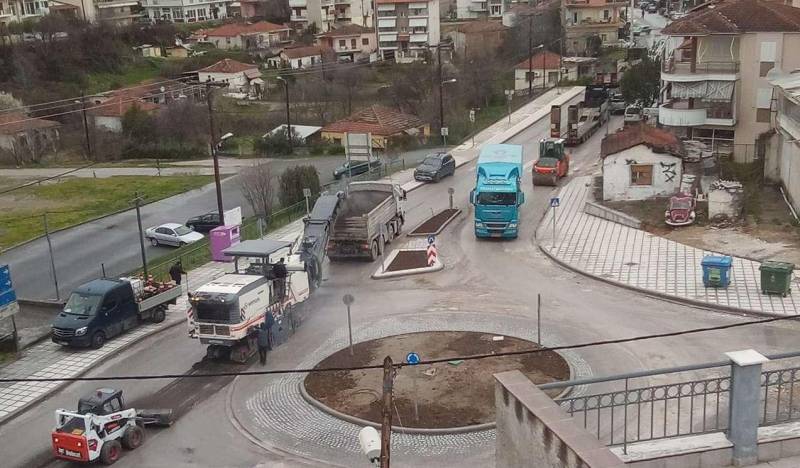 Ασφαλτοστρώνονται οι κυκλικοί κόμβοι στον Προμηθέα – Κλειστό τμήμα της Ακροπόλεως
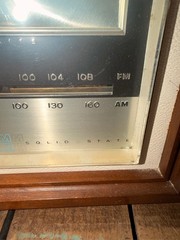 Motorola Solid State AM FM Clock Radio Wood Case MCM Tabletop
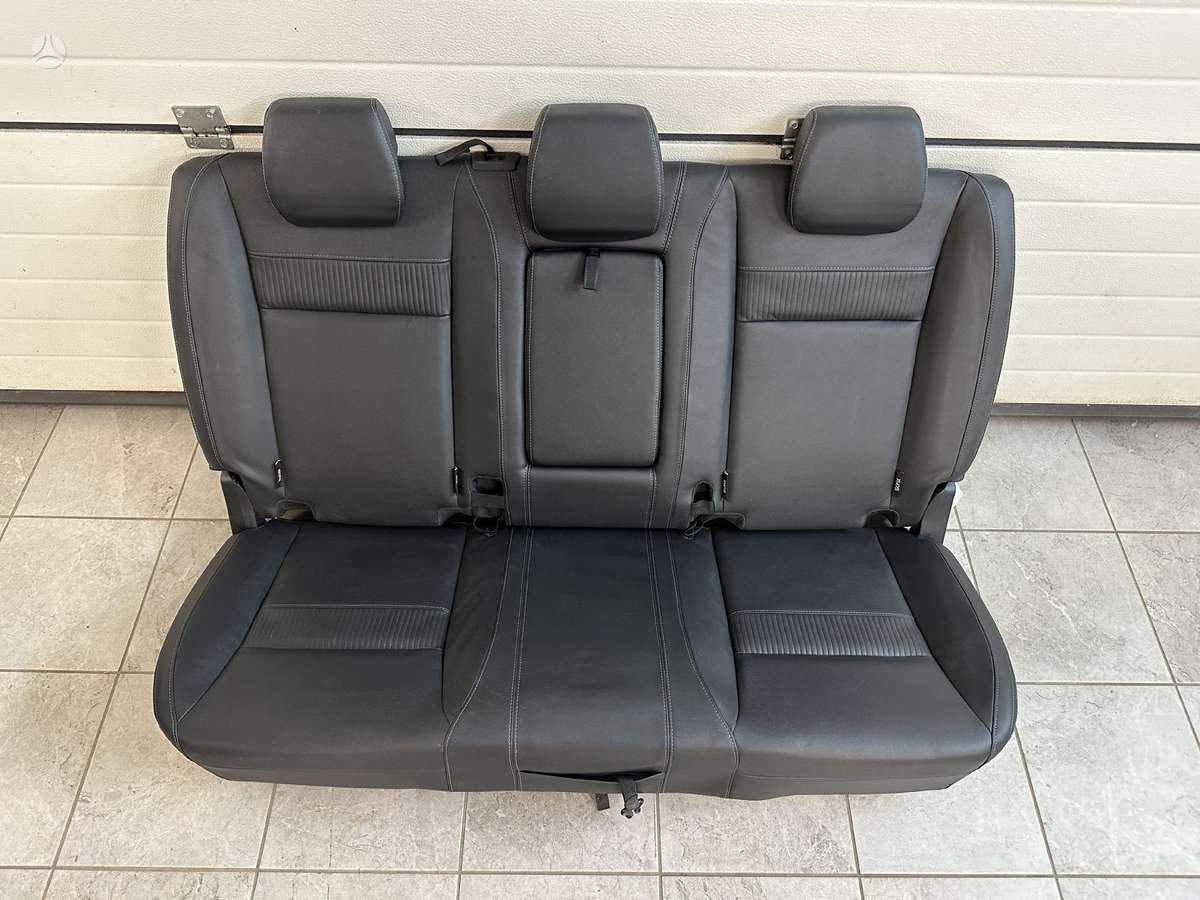 Ford Ranger sėdynės, saugos diržai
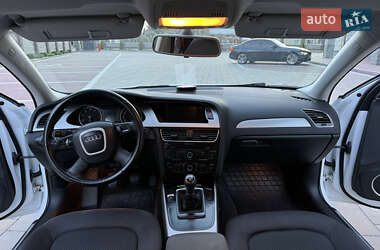 Седан Audi A4 2010 в 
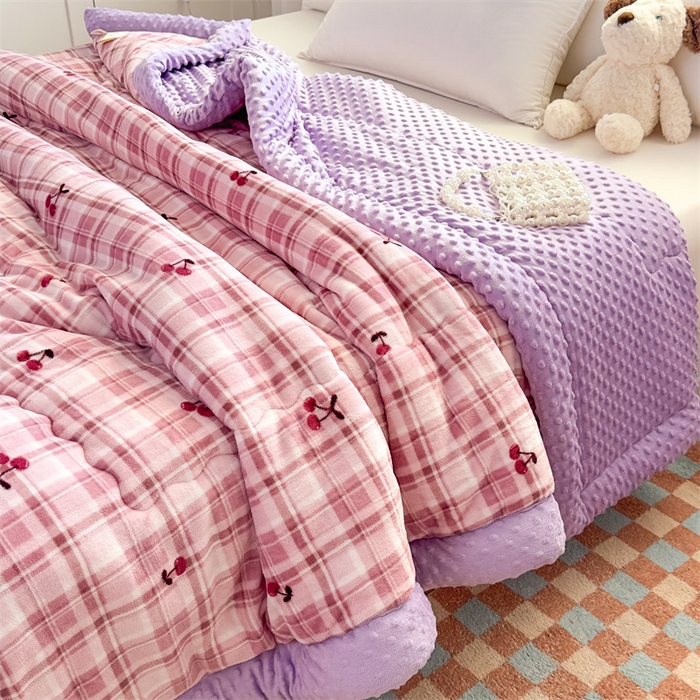 91家纺网 家纺一手货源 找家纺 默忆 2025新款牛奶绒豆豆被被子被芯 樱桃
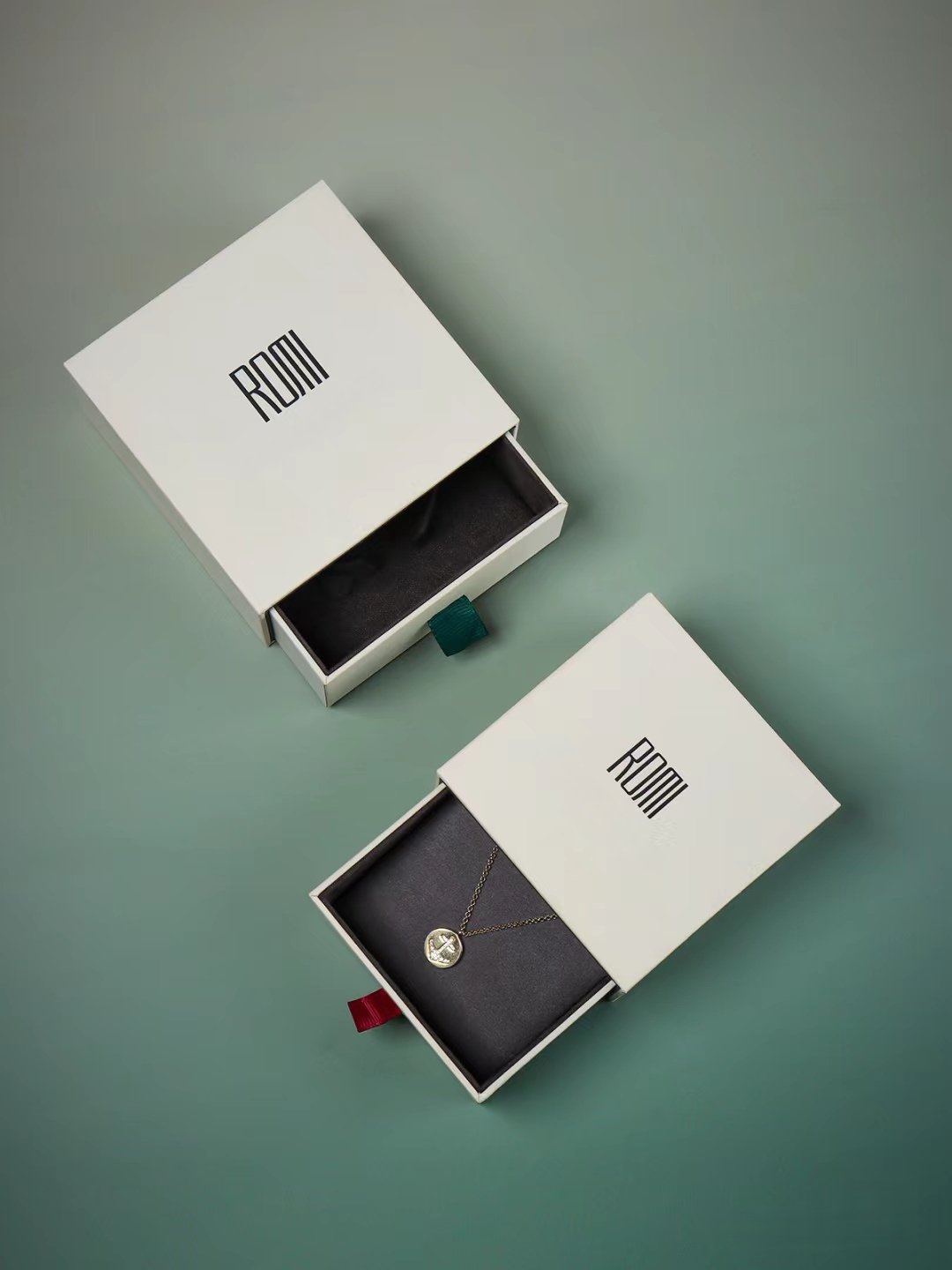 Custom Jewelry Gift Box reference 2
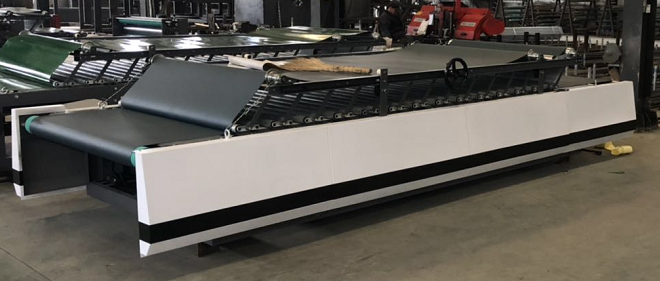 Versatile 400mm Automatic Flute Laminator Machine for Various Applications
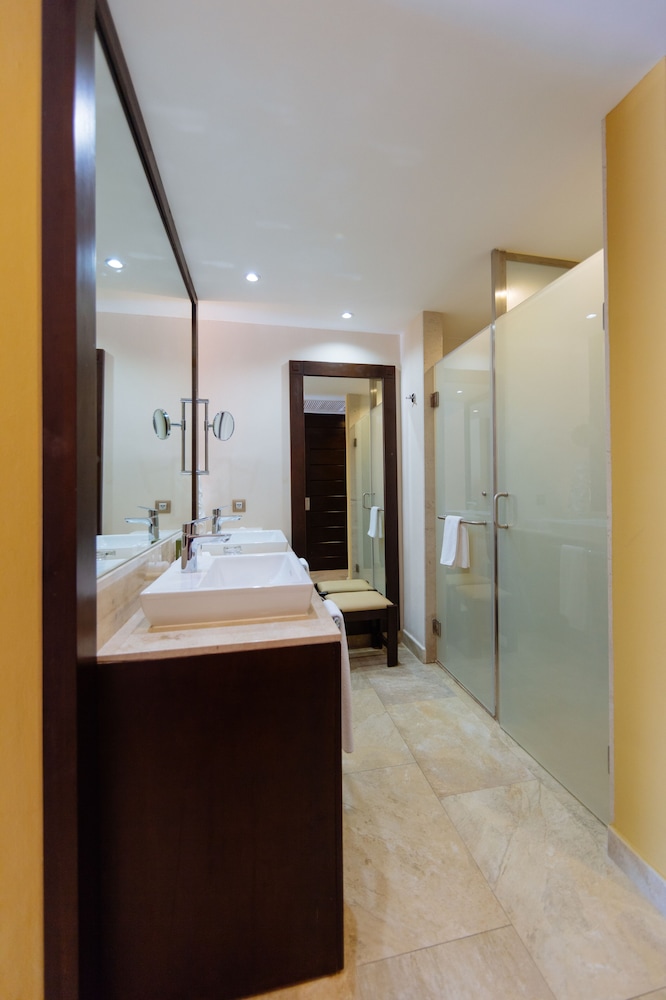 Suite junior (Swim Up Premium Level) del hotel Barceló Maya Caribe - All Inclusive. Foto 5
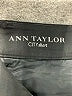 Ann Taylor Solid Black Shorts Size 6 - photo 3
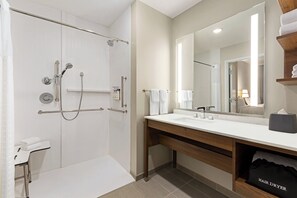 Suíte, 1 quarto, acessível para pessoas com deficiência física (Communications, Mobility) | Banheiro | Produtos de toalete grátis, secador de cabelo, toalhas de banho 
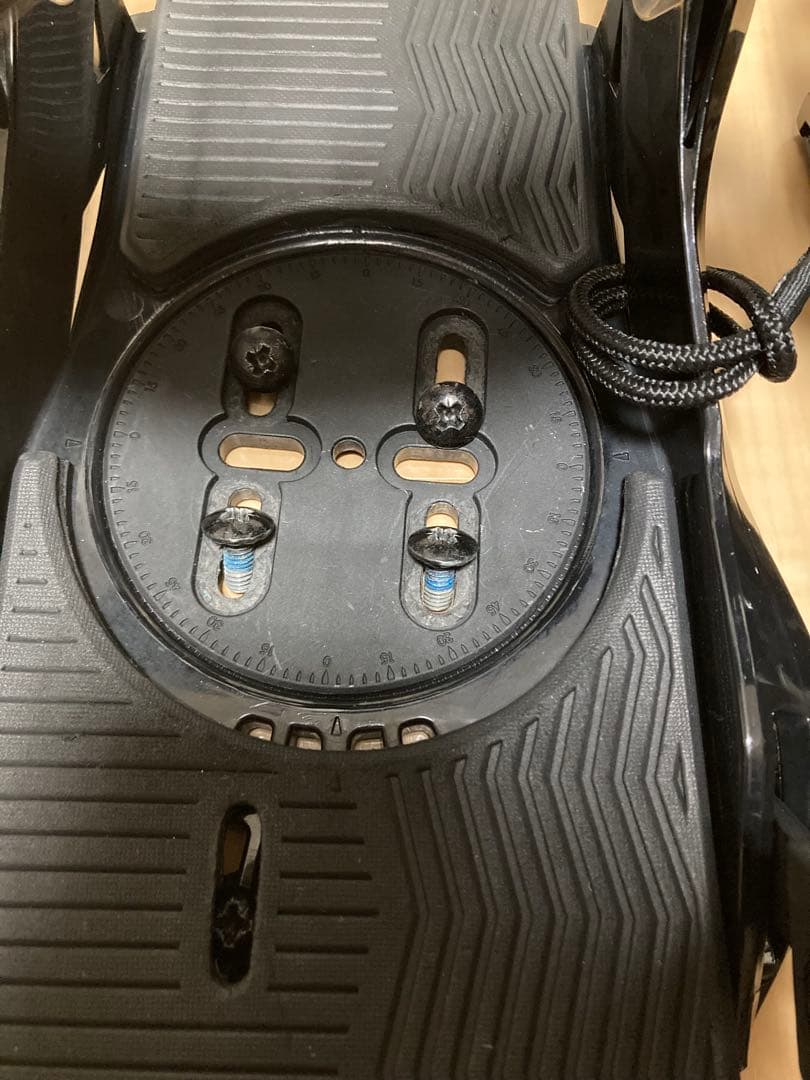 HEAD ビンディング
————————
*REQUIREMENT*.
Only the lines from the one that holds "Custom Jewelry Gift Box reference 2" through the final line of the material should be reproduced, word for word, with the pictures omitted.

*RESPONSE BOX*.
 Custom Jewelry Gift Box reference 2
 Versatile 400mm Automatic Flute Laminator Machine for Various Applications
 Suite junior (Swim Up Premium Level) del hotel Barceló Maya Caribe - All Inclusive. Foto 5
 Ann Taylor Solid Black Shorts Size 6 - photo 3
 Suíte, 1 quarto, acessível para pessoas com deficiência física (Communications, Mobility) | Banheiro | Produtos de toalete grátis, secador de cabelo, toalhas de banho 
 HEAD ビンディング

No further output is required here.